I am bit of a totally lost situation, I get one thing right, but then two things go wrong (sorry if some of these comments are repeats of stuff from previous threads). I need some help/advice on how to proceed.
Just for context, this dataset is meant for two things (for now), which are to 1) see how these samples related to various global populations using analyses such as PCA and STRUCTURE (or similar) and 2) estimate archaic introgression (i.e., Neanderthals and Denisovans)

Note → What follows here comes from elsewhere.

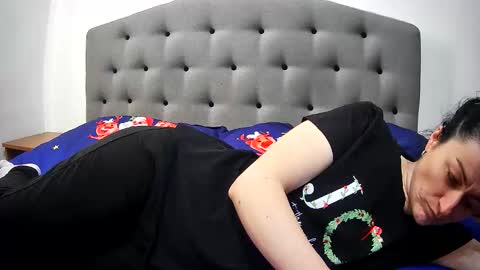 Snapshot of mikyloveu chatting on April 2026 02:14:02 PM Mikyloveu online show from April 2026 02:14:02 PM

I have 92 samples that were genotyped on the Affy Human Origins array from about 570,000 SNPs. I also have comparative data from 934 HGDP samples that I have downloaded, but there is just so much of it that I need to cull it down (ftp://ftp.cephb.fr/hgdp_supp10/Harvard_HGDP-CEPH/all_snp.map.gz ftp://ftp.cephb.fr/hgdp_supp10/Harvard_HGDP-CEPH/all_snp.ped.gz).
For the moment being, I've been trying to just PCA my own samples (n=92), but this isn't working either
I coded my genotypes to 0/1/2s using JMP Genomics and then did this using R on UF's computer cluster
read.table('92simpleb_recgeno.txt', sep='\t', header=TRUE, row.names=1)->table pcol=c(rep("green",3),rep("blue",89)) help(prcomp) table[ table == "." ] = NA t(table) -> trans pca<-prcomp(~ ., data=trans, na.action = na.omit) save(pca, file="1.RData")
and I got this back
Error: cannot allocate vector of size 1284.9 Gb Execution halted
Basically, I am lost (and a bit frustrated), and I need some suggestions on how to PCA this much data without metaphorically blowing something up. Currently, the samples are formatted with columns as samples and rows as loci, but I can re-export the data from Affy Genotyping Console in a different format. Any suggestions on what I should do.